Karmin alias Pak Soleh (71) dan Simpen (56) mencari cuan dengan menggarap lahan sekitar 1,5 hektare di dasar Jurang Gembolo, Mojokerto. Rupanya tak sekadar materi, ketenteraman juga membuat mereka betah selama 22 tahun tinggal di pedalaman hutan.
Sejak 2003, Karmin dan Simpen hidup dengan menggarap lahan kawasan hutan dengan pengelolaan khusus (KHDPK) yang luasnya sekitar 1,5 hektare. Pasutri ini menanam palawija, pisang, jahe, serta budi daya kambing brahman dan ikan mujair.
Selama 22 tahun hidup terpencil, tidak hanya materi yang mereka dapatkan. Karmin mengaku banyak mendapatkan pengalaman hidup. Salah satunya pengalaman dengan makhluk gaib penunggu Jurang Gembolo.
SCROLL TO CONTINUE WITH CONTENT
"Banyak pengalaman yang tidak bisa dilupakan, termasuk penghuni sini selain saya. Jadi, bukan makhluk kasat mata, tidak semua orang tahu. Mungkin di sini, seperti istri saya tidak tahu," terangnya kepada wartawan di rumahnya, Rabu (3/12/2025).
Dari sisi spiritual, Karmin merasakan lebih khusyuk beribadah dan berdoa selama tinggal di dasar Jurang Gembolo. Sebab lokasi rumahnya yang terpencil jauh dari kebisingan. Oleh sebab itu, ia merasa betah hidup di sini.
"Memang begitu, di sini ibadah tidak ada yang ganggu, insyaallah banyak diterima daripada tidak karena lebih khusyuk," ungkapnya.
Selain itu, Karmin dan Simpen merasakan ketenangan dan ketenteraman selama 22 tahun tinggal di dasar Jurang Gembolo. Namun, bukan berarti mereka sengaja menjauhi kehidupan sosial. Sebab selama ini mereka masih menyambung silaturahmi dengan keluarga dan tetangga.
"Lebih tenteram di sini karena tidak ada gangguan tetangga yang maunya begini, maunya begitu. Bukannya saya menghindari tetangga," jelasnya.
Di sisi lain, 4 anak Karmin dan Simpen ingin orang tuanya pulang kampung. Sebab mereka sangat khawatir dengan keselamatan orang tuanya tinggal di dasar jurang yang sangat terpencil. Berbagai upaya mereka lakukan, mulai dari merayu sampai membuat Warung Teras Iring yang menjual bebek bumbu hitam dan rica-rica entok.

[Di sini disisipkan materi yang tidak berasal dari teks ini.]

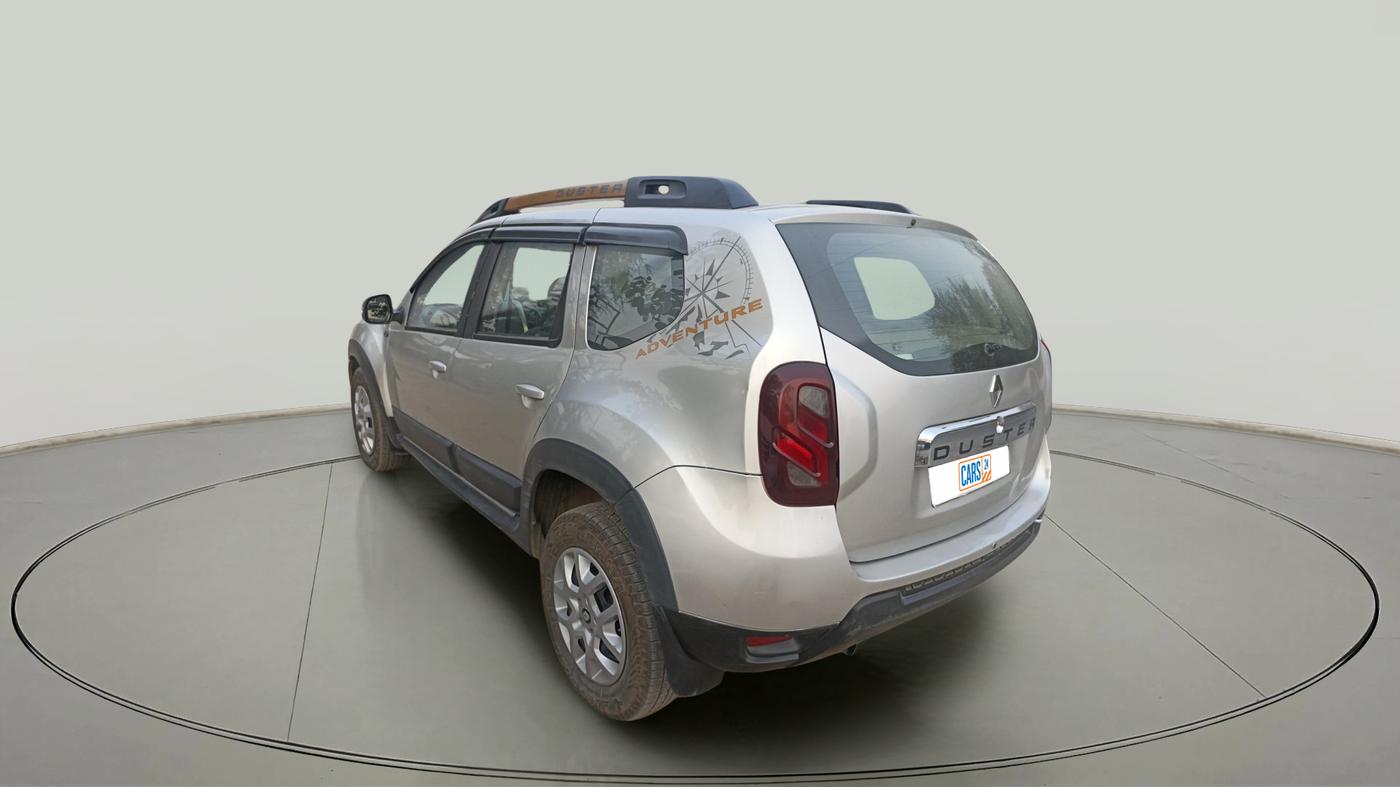 2017 Renault Duster 85 PS RXE 4X2 MT ADVENTURE EDITION, Diesel, Manual, 1,40,189 km, exterior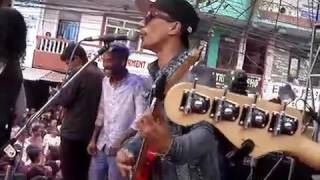 Bairoadko baatoma  Live Cover  The Mysterious Groovers band  Holi Rock Fiesta 2073 [upl. by Attennaj]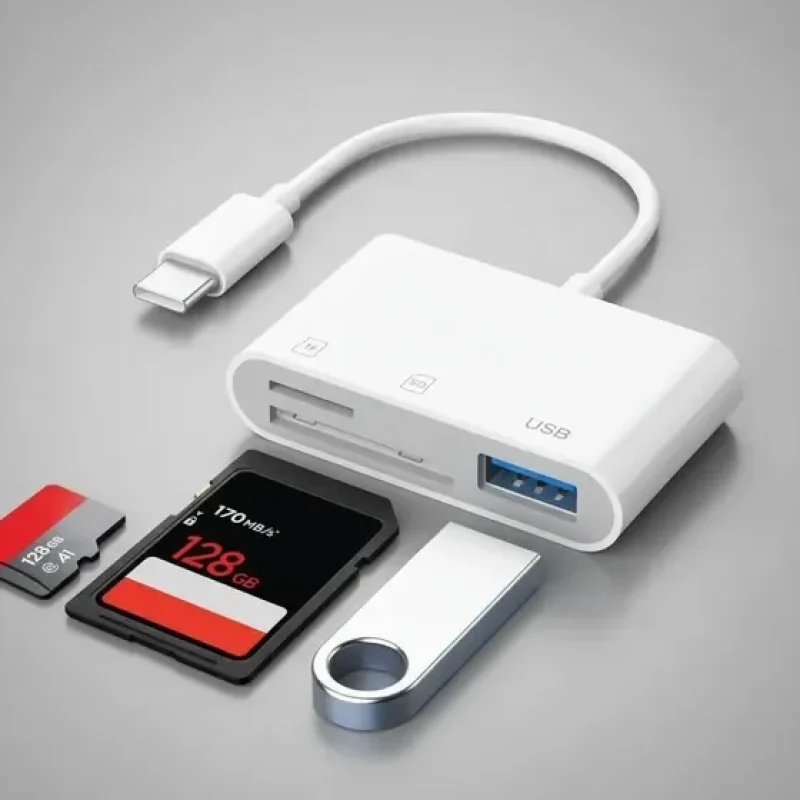 adaptador usb c otg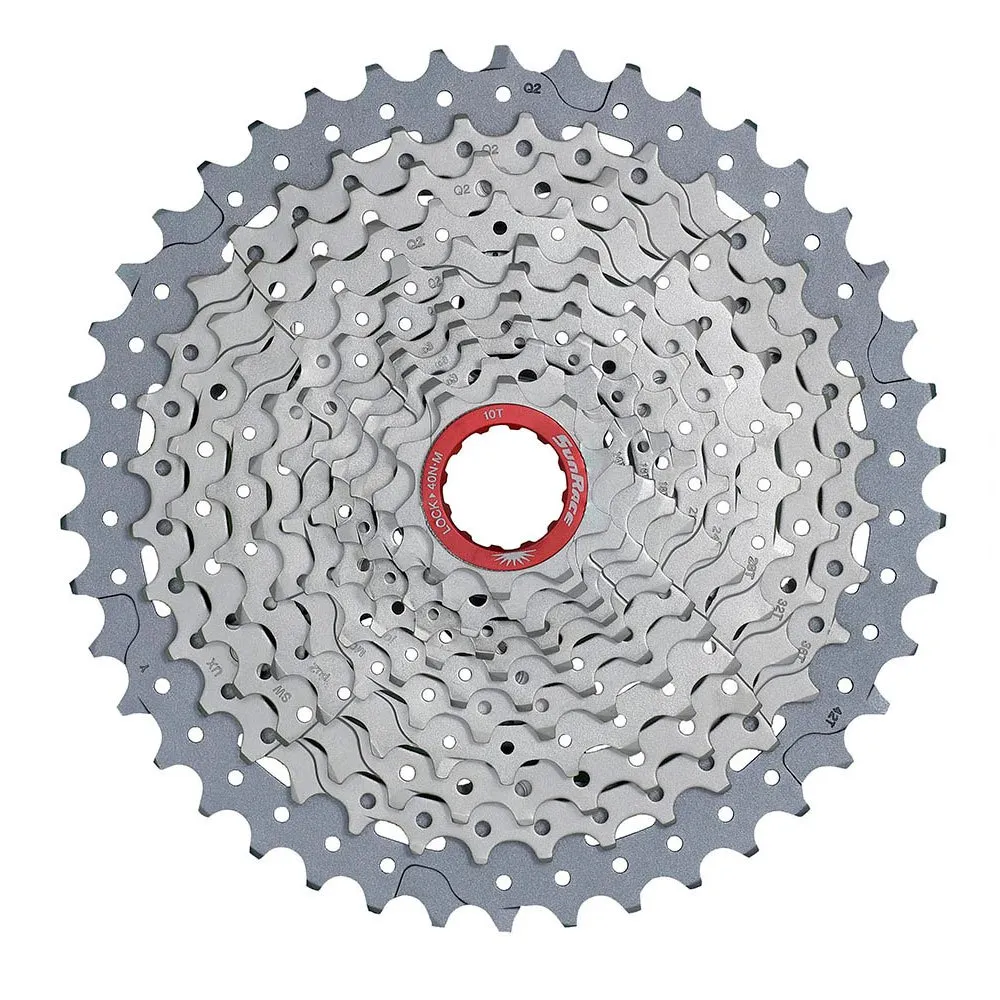 Велокассета SunRace MX9 XD, серебряный
Велокассета SunRace MX9 XD, серебряный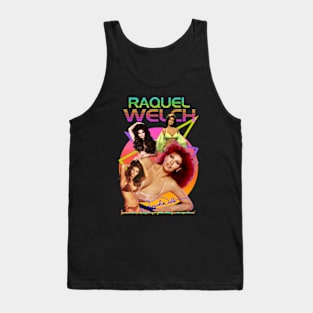 Raquel Welch Beach Sexy 80s Tank Top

Pasalnya, Karmin dan Simpen merasa sungkan menumpang hidup pada anak-anak mereka. Nah, agar tidak sungkan, Anak Sulung Karmin, M Soleh (48) ingin orang tuanya melajutkan pengelolaan Warung Teras Iring. Warung ini menempati rumah Karmin dan Simpen di Dusun/Desa Centong, RT 3 RW 1, Gondang, Mojokerto.
Sayangnya, Karmin sendiri belum merencanakan bakal sampai kapan hidup di dasar Jurang Gembolo. Sedangkan Simpen menyebut bakal pulang kampung apabila fisik suaminya sudah tak mampu. Ia bersedia melanjutkan pengelolaan Warung Teras Iring yang dirintis putra sulungnya.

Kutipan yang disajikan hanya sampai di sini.